First of all, you need to look at why you broke up in the first place— and every time after that. If you broke up because one of you needed more time before they settled down or you were in different cities, those are circumstances that could easily change. But if you broke up because of fundamental issues, like values or what you want out of your life, those issues probably won’t go away. Maybe one of you wants kids and the other doesn’t. Maybe one of you needs to live near their job and the other hates it there. Maybe you just want to spend time in totally different ways. If you broke up because of big issues, those will still be hanging over your relationship— no matter how many times you get back together. 

What’s changed? 

It’s all about what’s shifted. Like I said, some issues will always be there, no matter what. And if that’s the case, the relationship may be doomed. But if something has shifted, then your relationship may have a real shot. Every time you get back together you should ask yourself If things will genuinely be different this time. So, what’s changed? If you're just going to put yourself through another break up in a few weeks or months, then it's really not worth it.

Are you both taking responsibility? 

One issue that people often overlook is how much damage the breakups themselves have done to their relationship. It’s not just about the underlying issues— breakups can be traumatic.

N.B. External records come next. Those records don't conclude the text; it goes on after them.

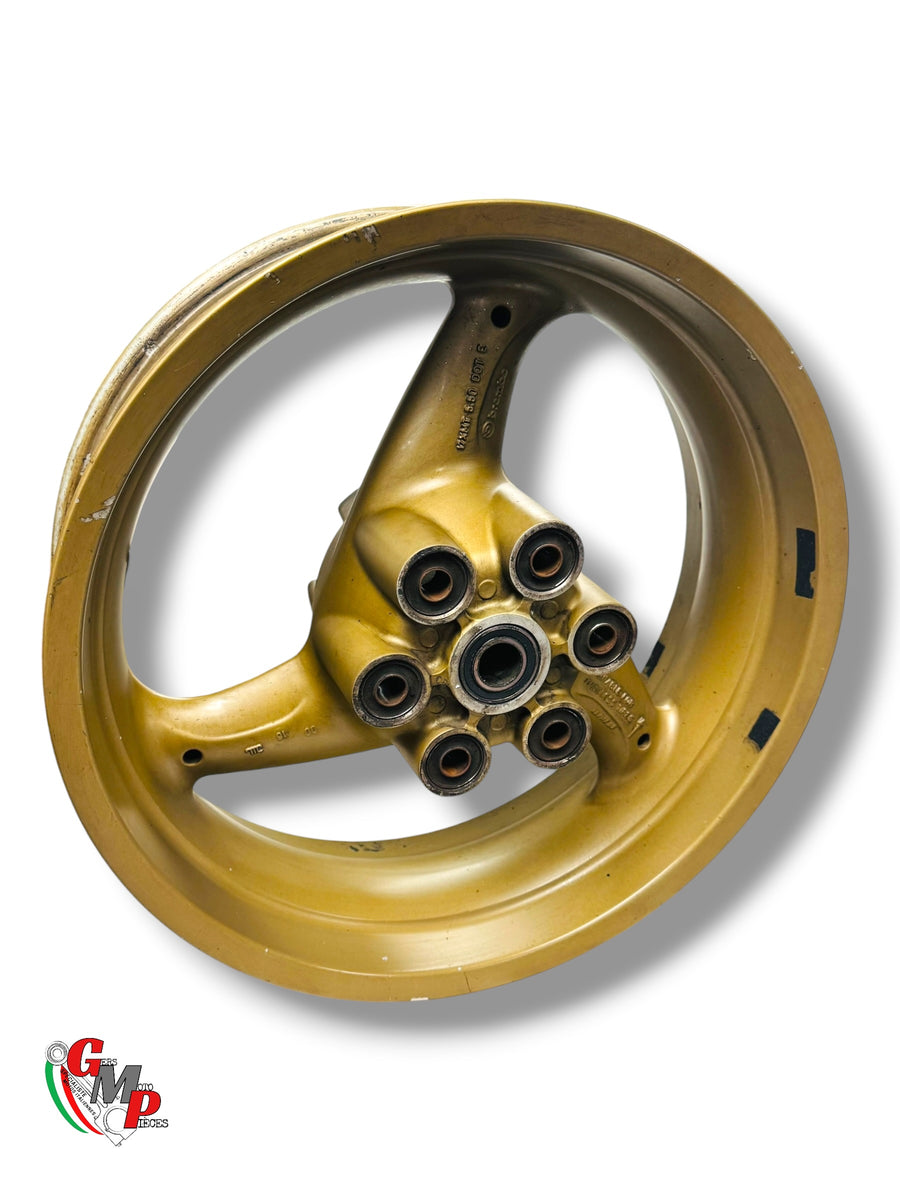 Rear Wheel Rim - Ducati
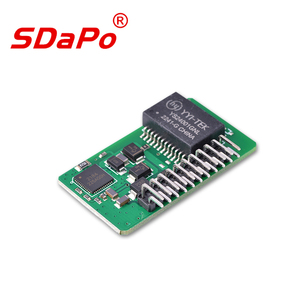 Power over Ethernet高品質サポート1G 2.5G 1ポートPSEモジュールSDAPO PSE802G PSEモジュール - Product Image 6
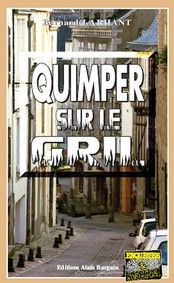 QUIMPER SUR LE GRIL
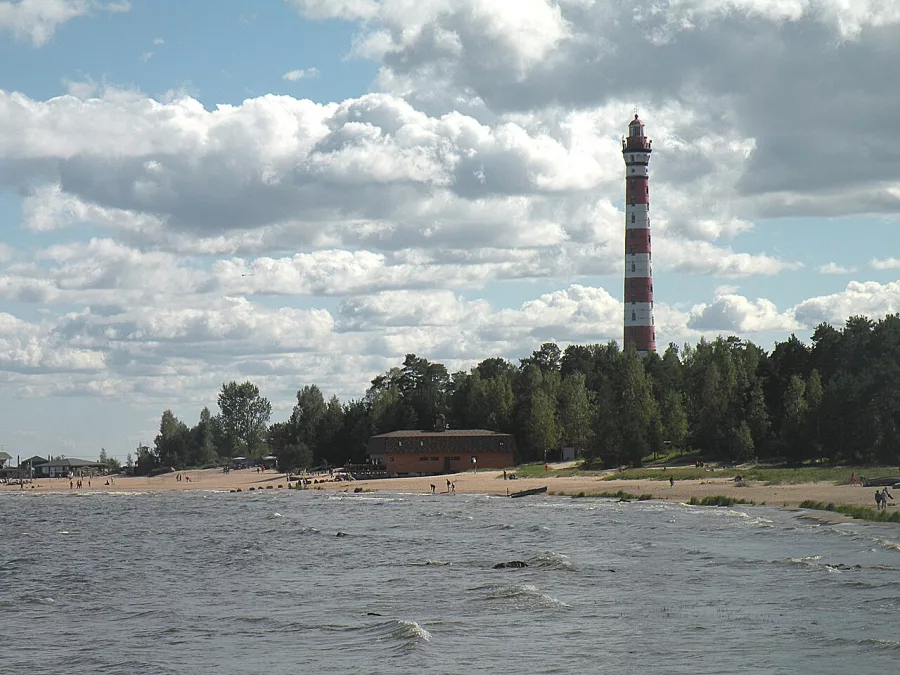 Осиновецкий маяк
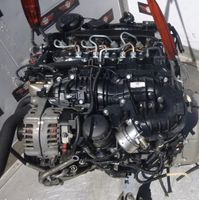 Motor BMW 1er E81 E82 E87 E88 118d 2,0 D Diesel N47D20A N47 Niedersachsen - Langwedel Vorschau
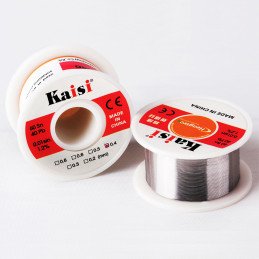 Kaisi Lötdraht (50 g) | 0,4 mm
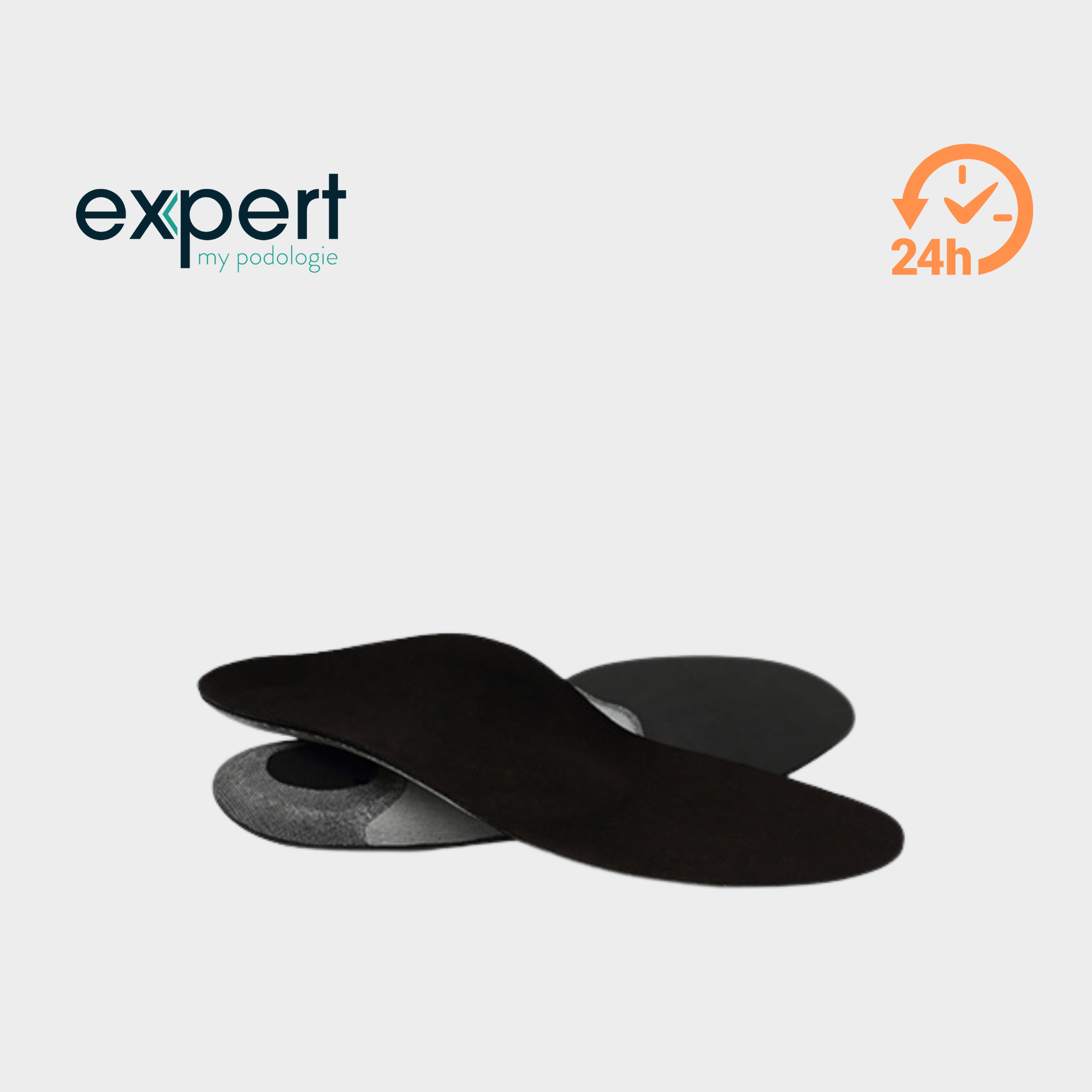 My Podologie - Wholesale Inserts/Soles - Unisex - City Man Sweet Plus Module - Express 24h - Expert by My Podologie2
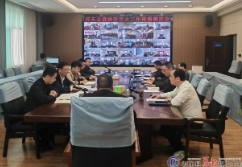 我县召开森林防灭火工作视频调度会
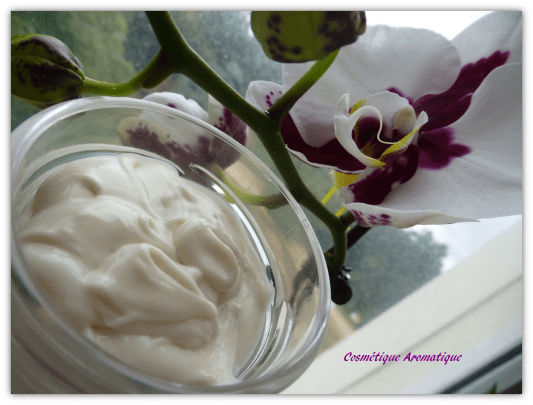 Crème spéciale été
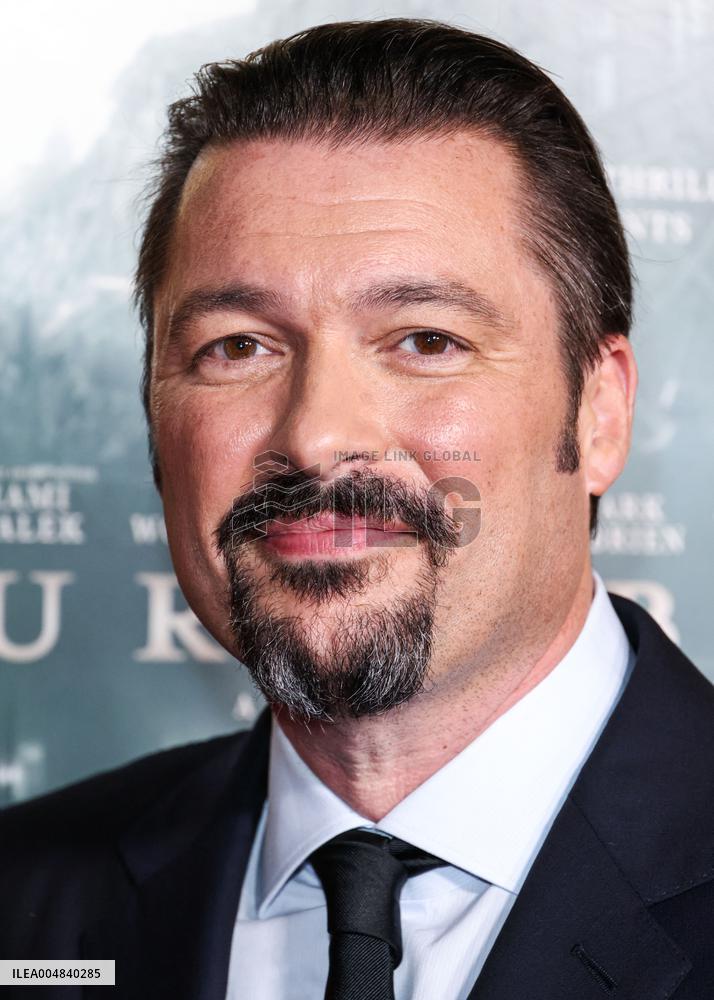 2025 AFI Fest - Nuremberg Premiere - LA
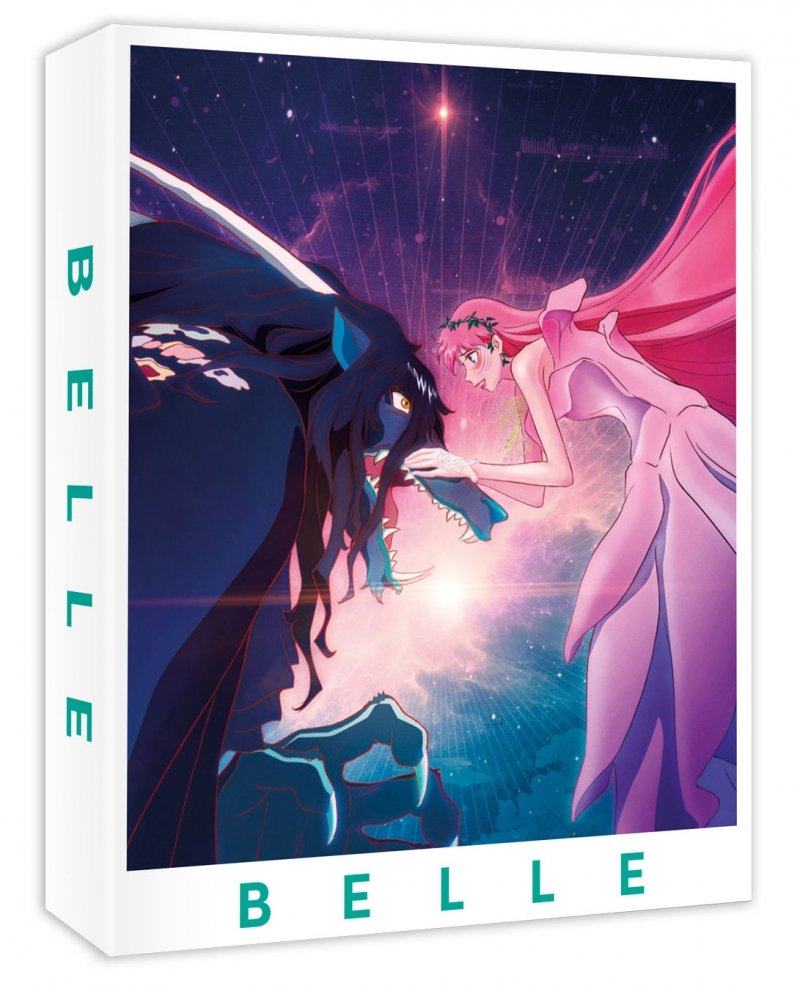 Belle - Film - Edition Collector limitée numérotée - Coffret Blu-ray + OST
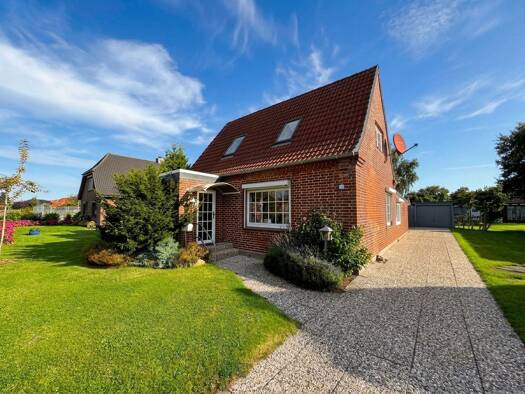 Einfamilienhaus zum Kauf 269.900 € 3 Zimmer 85 m² 903 m² Grundstück Friedrichskoog 25718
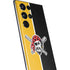 MLB Pittsburgh Pirates Split Galaxy S22 Ultra Skin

We say things we don’t mean, we hurt each other, things happen that you can’t take back. How scarred is your relationship from these breakups? You need to both be in a place where you’ve taken responsibility for what’s wrong with your relationship and what happened during the breakups. You need to both be ready to heal and move on. If not, then the breakups themselves will haunt your relationship just as much as the reasons you broke up. 

Can you take them as they are?

Ultimately, you need to be ready to take this person as they are now. If circumstances have changed, that’s great, but people don’t change so easily. A leopard’s spots may fade— but they don’t go away. If you’ve been through break up after break up and you’re still waiting for them to change, it’s time to stop waiting. It may be that you realize you want to be with the person they were all along— and then getting back together can work. But if you’re doing it because they promise it’s going to be different, then you’re just putting yourself through hell for no reason. Be brutal, be realistic. It will hurt but, ultimately, you’ll be able to move on and find a relationship that really works for you. 

It’s really easy to end up trapped in a cycle of breaking up and getting back together. And sometimes, things are better for a while— and then they go right back to where they were before. So next time you’re thinking about getting back together, you need to think about whether the relationship will work in the long run. Ask yourself the tough questions, think about whether circumstances have changed (and remember that your partner probably won’t). It may be tough, but getting back together over and over again is ultimately a waste of your time and your energy. Being honest is about protecting yourself. If this relationship can’t work in the long term, you can find another one that will.